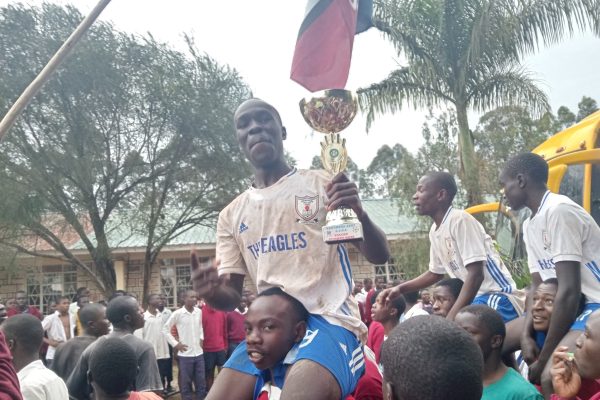 Shanderema, Kibabii schools seal county spots following nail-biting football victories
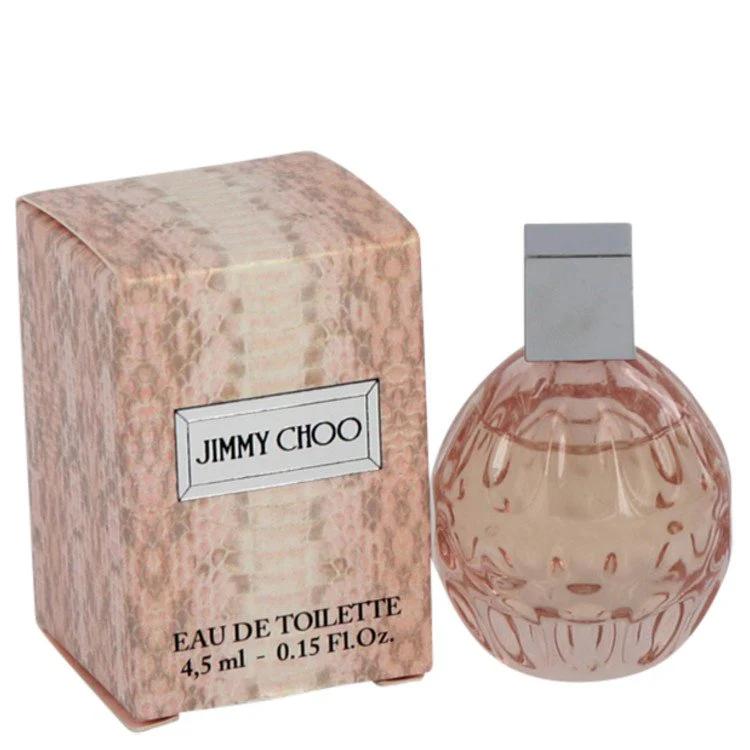 jimmy choo eau de toilette 4.5ml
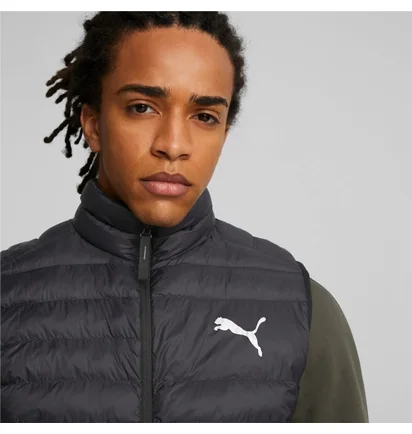 Жилетка чоловіча Puma Packlite Black 671711-01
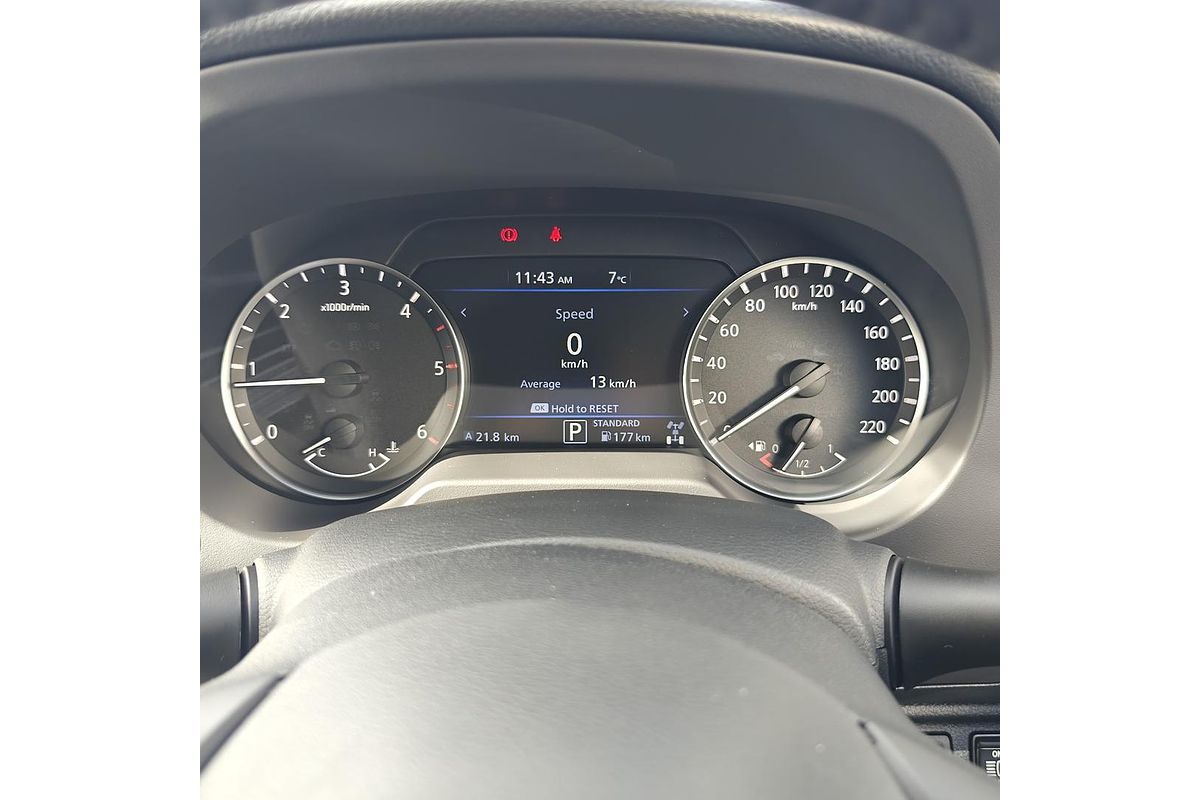 2024 Nissan Navara PRO-4X Warrior D23 4X4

> _Work instructions_: Give back the full listing exactly, with pictures dropped.

> _Output of the exercise_:
 Shanderema, Kibabii schools seal county spots following nail-biting football victories
 jimmy choo eau de toilette 4.5ml
 Жилетка чоловіча Puma Packlite Black 671711-01
 2024 Nissan Navara PRO-4X Warrior D23 4X4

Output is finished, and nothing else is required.